Facebook has been widely criticised for shirking its responsibilities in preventing politicians from spreading misinformation in advertisements on the platform, with US presidential candidate Elizabeth Warren labelling the platform a “disinformation-for-profit machine”.
The social media giant has previously argued that it does not have a responsibility to “referee” political debates or ads, and that posts containing lies will remain on the platform as they are still newsworthy.
Zuckerberg attempted to argue for the importance of freedom of expression, saying that Facebook is merely a platform rather than a publisher.
“People having the power to express themselves at scale as a new kind of force in the world - a fifth estate alongside the other power structures of society,” Zuckerberg said in the speech.
“I’m here today because I believe we must continue to stand for free expression.”
He again argued that it isn’t the role of the big tech platforms to call out misinformation or outright lies.
“While I certainly worry about an erosion of truth, I don’t think most people want to live in a world where you can only post things that tech companies judged to be 100 percent true,” Zuckerberg said.
“Given the sensitivity around political ads, I’ve considered whether we should stop allowing them altogether.
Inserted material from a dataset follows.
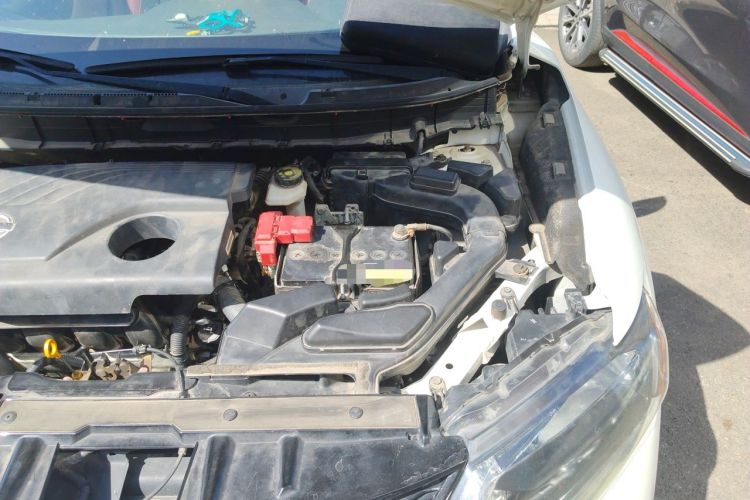 Used Nissan X-Trail 2014 2.0L CVT Comfort Edition 2WD Engine Bay Left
But political ads are an important part of voice, especially for local candidates, up-and-coming challengers and advocacy groups that may not get much media attention otherwise.”
“Banning political ads favours incumbents and whoever the media covers.”
Zuckerberg’s comments were swiftly rebuked by a spokesperson for US presidential candidate Joe Biden.
“Zuckerberg attempted to use the Constitution as a shield for his company’s bottom line, and his choice to cloak Facebook’s policy in a feigned concern for free expression demonstrates how unprepared his company is for this unique moment in our history and how little it has learned over the past few years,” the spokesperson said.
Political ads on Facebook have been hotly debated recently after US president Donald Trump ran a video falsely accusing Biden of committing corrupt acts in the Ukraine. Television networks CNN and NBCU refused to show the ad, but Facebook did not take it down.
This has been widely criticised, with Elizabeth Warren herself posting a deliberately false ad on the platform to prove her point.
“Facebook changed their ads policy to allow politicians to run ads with known lies - explicitly turning the platform into a disinformation-for-profit machine,” Warren said.
In the speech, Zuckerberg also attempted to rewrite the origin story of Facebook around freedom of speech and the Iraq War.
“I remember feeling that if more people had a voice to share their experiences, then maybe it could have gone differently. Those early years shaped my belief that giving everyone a voice empowers the powerless and pushes society to be better over time,” he said.